# [Problem to work on]
Pictures are not part of the answer. Return the lines from the one containing "Tetracaine hydrochloride (CAS: 136-47-0)" through the end of the data, both included, exactly as they appear.

== Data section

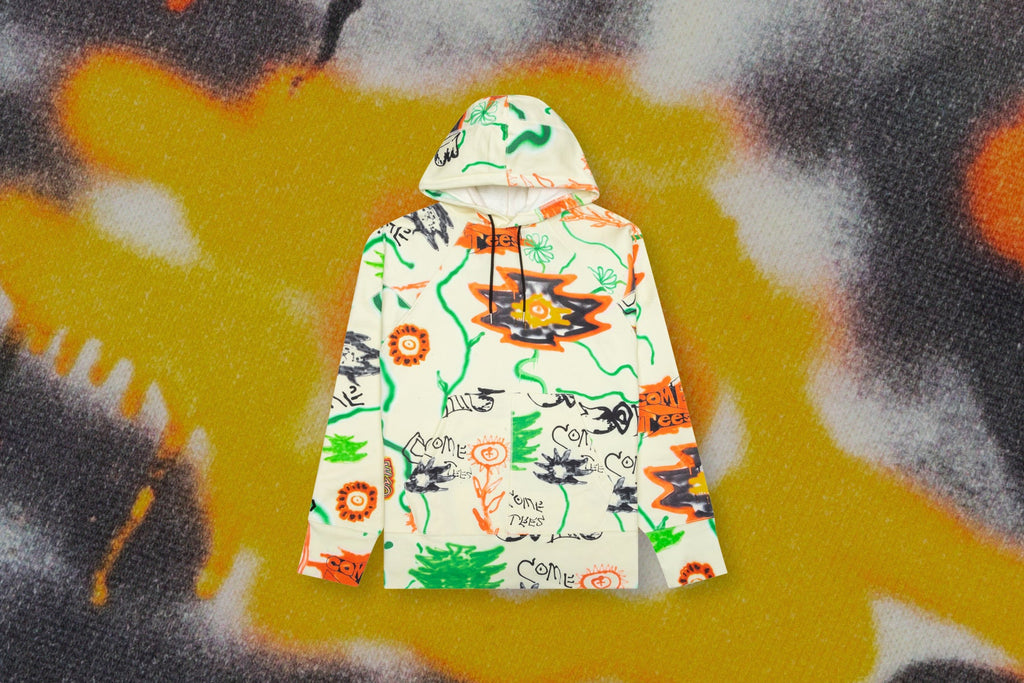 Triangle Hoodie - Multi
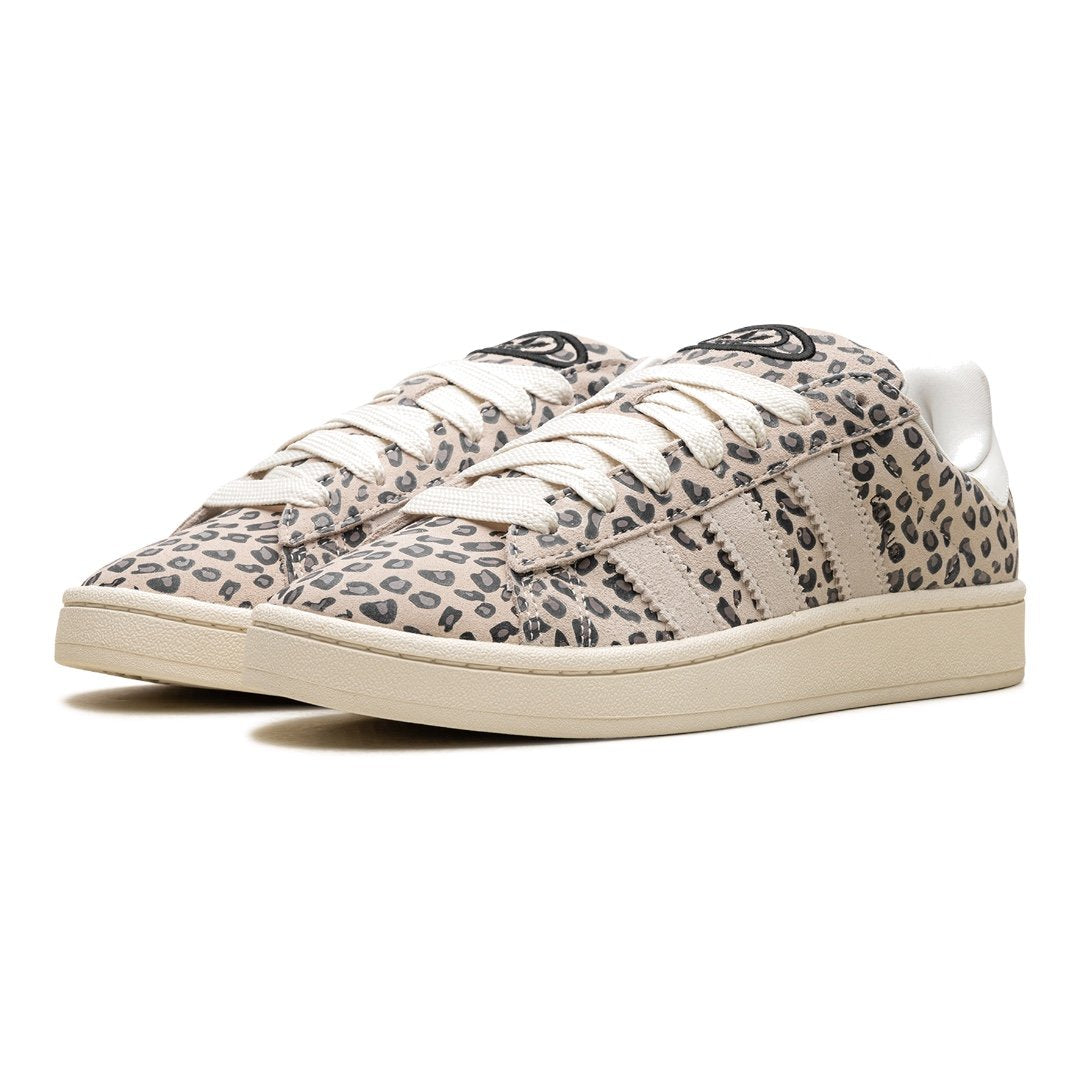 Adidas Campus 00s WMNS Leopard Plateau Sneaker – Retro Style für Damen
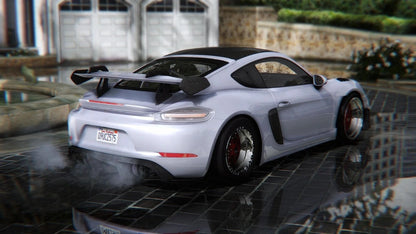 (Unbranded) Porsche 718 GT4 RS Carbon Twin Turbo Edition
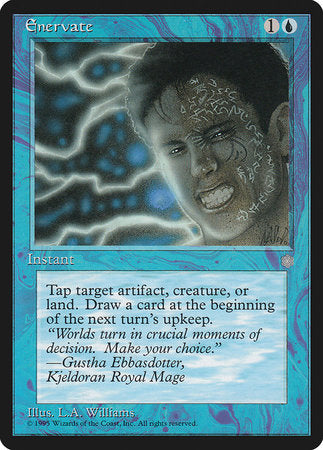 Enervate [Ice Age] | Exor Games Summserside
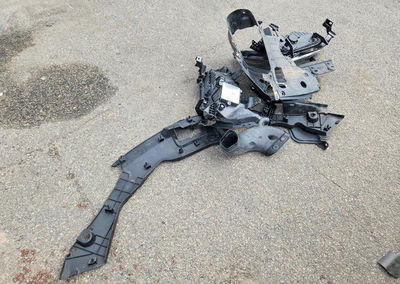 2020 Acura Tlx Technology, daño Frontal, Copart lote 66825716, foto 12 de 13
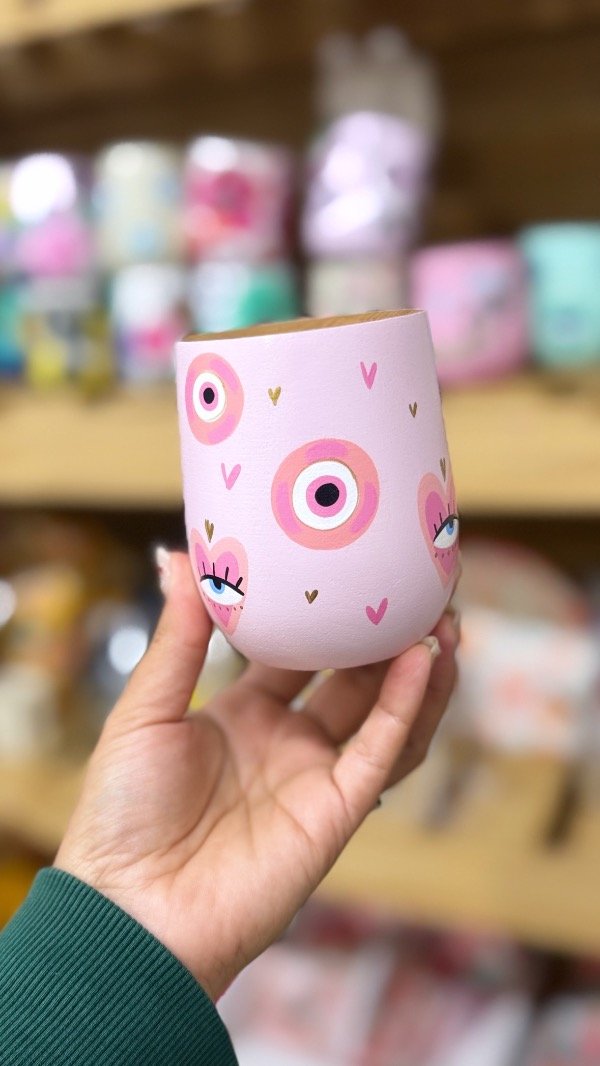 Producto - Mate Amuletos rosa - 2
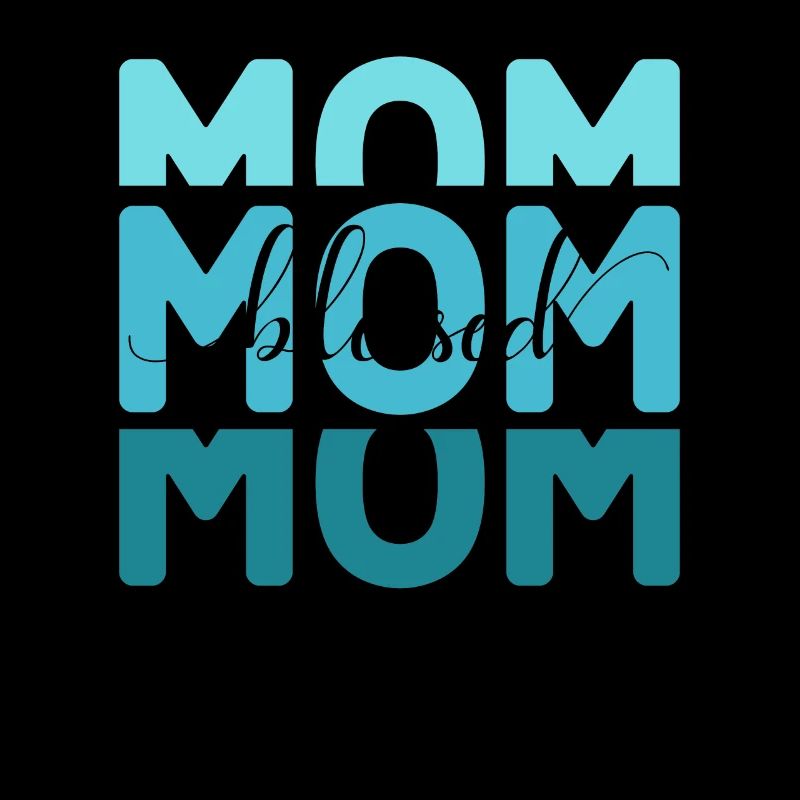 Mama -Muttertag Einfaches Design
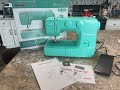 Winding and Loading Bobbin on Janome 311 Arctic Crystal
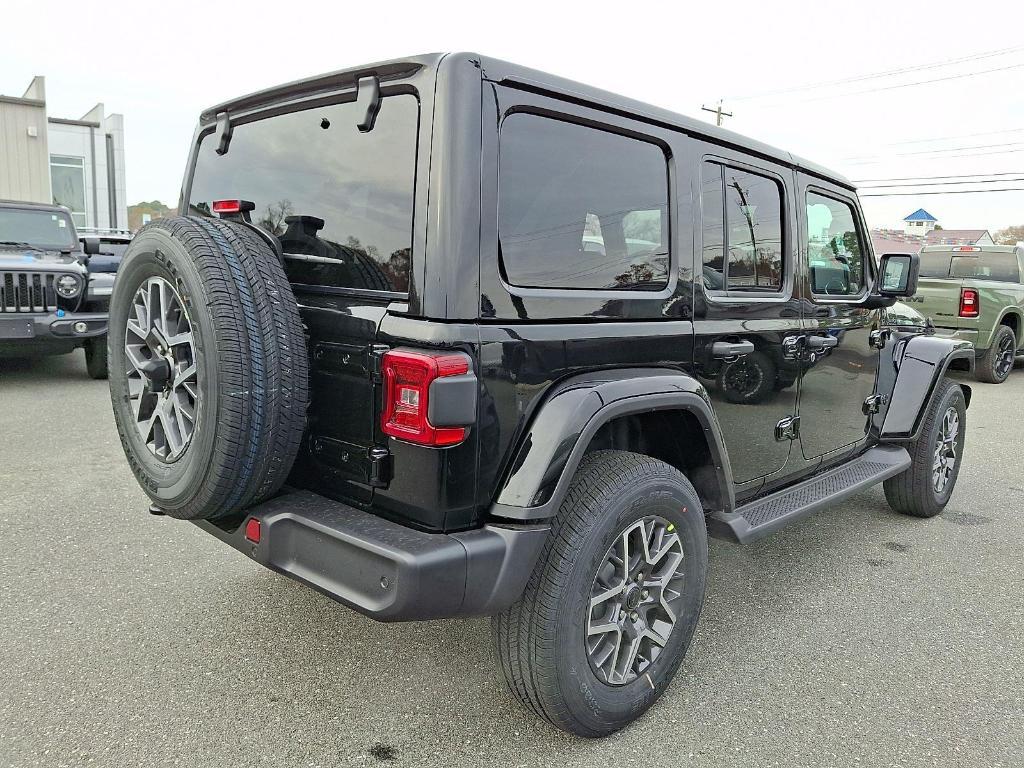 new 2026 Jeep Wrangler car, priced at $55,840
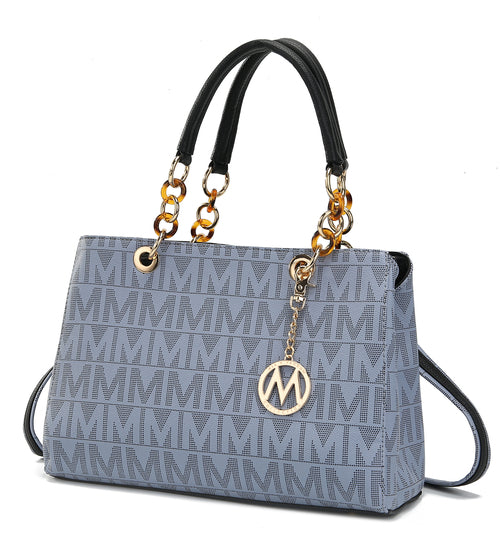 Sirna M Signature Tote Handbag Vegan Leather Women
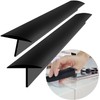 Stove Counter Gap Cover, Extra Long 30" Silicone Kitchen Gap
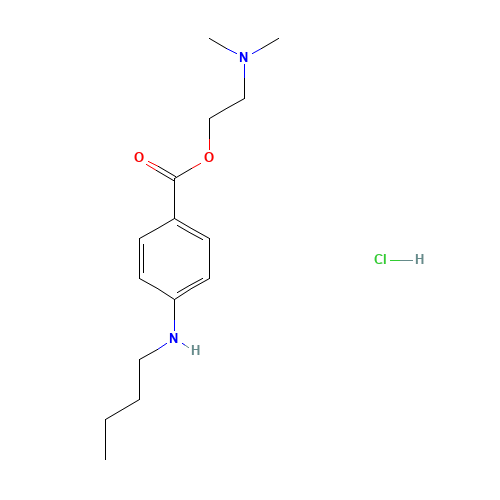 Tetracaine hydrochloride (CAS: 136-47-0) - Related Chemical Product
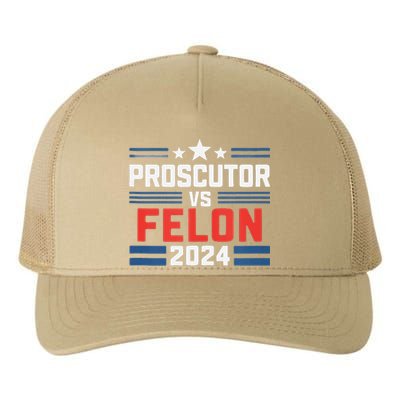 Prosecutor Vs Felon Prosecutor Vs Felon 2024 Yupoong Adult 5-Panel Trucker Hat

====

# [Written solution]
 Tetracaine hydrochloride (CAS: 136-47-0) - Related Chemical Product
 Prosecutor Vs Felon Prosecutor Vs Felon 2024 Yupoong Adult 5-Panel Trucker Hat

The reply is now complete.